/ Blog

Kubernetes GPU Cluster Technical Guide: GPU Operator, Volcano Scheduler, and Multi-Tenant Architecture

Kubernetes GPU cluster technical guide: Kubernetes vs SLURM comparison, GPU as extended resource (nvidia.com/gpu), NVIDIA GPU Operator components, Volcano scheduler (gang scheduling, preemption, queue, backfill), multi-tenant architecture, 4-phase installation, InfiniBand/RoCE with Multus CNI, common problems, and best practices.
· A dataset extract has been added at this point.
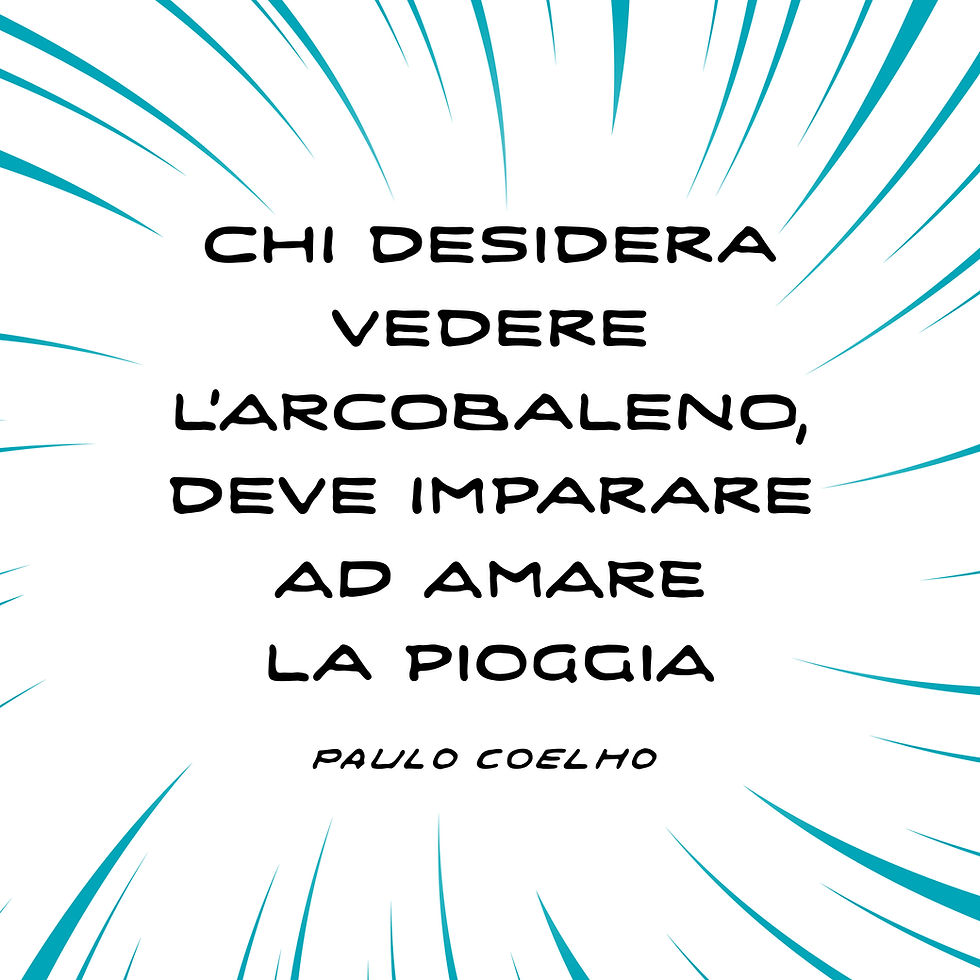 Miniatura: Clerville Regular Personal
Kubernetes was designed for stateless microservices, not HPC batch jobs. Yet the GPU computing workloads that now dominate AI/ML infrastructure have driven Kubernetes adoption into territory that SLURM traditionally owned. The ecosystem has responded with NVIDIA GPU Operator, Volcano scheduler, and RDMA networking support that together make Kubernetes a viable platform for GPU-accelerated HPC and AI workloads.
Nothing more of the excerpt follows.